Di quei libri o del loro contenuto non vi è traccia documentata, sebbene senza dubbio questi contenuti ed esperienze si sono conservati nel linguaggio comune e nei racconti della tradizione orale, legati all’arte del montaggio di mosche tradizionali di Leòn. La chiave per il riscatto di questo trattato si deve in gran parte alla sua analisi e recupero. Così, per esempio, a fronte della domanda “su che mosca salgono le trote?”, ancora oggi è frequente ascoltare tra i pescatori di Leòn una risposta che suona come “sul tabacco, rigato in osso, con gallo pardo crudo”. Il resto non serve, perché tutti i pescatori sanno come si fa e quale sarà l’aspetto finale.

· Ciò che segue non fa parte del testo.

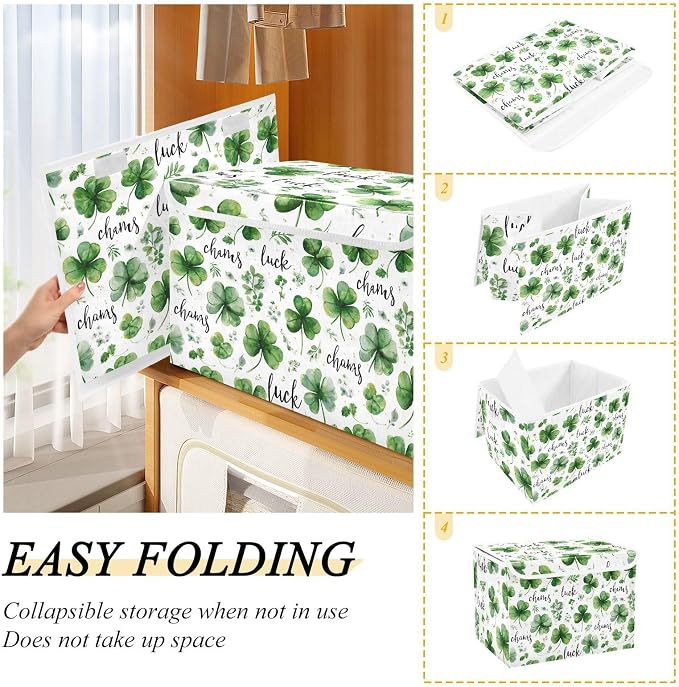 White Green Clover St. Patrick's Day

Questa descrizione stringata, che si traduce in una mosca dal corpo color marrone, di tono simile al tabacco, anellata con un filo di color crema o bianco sporco e con avvolta una piuma di Coq de Leòn Pardo' con macchie grosse, scure o nere, sopra uno sfondo bianco, contiene in essenza la stessa tecnica descritta e usata 400 anni prima.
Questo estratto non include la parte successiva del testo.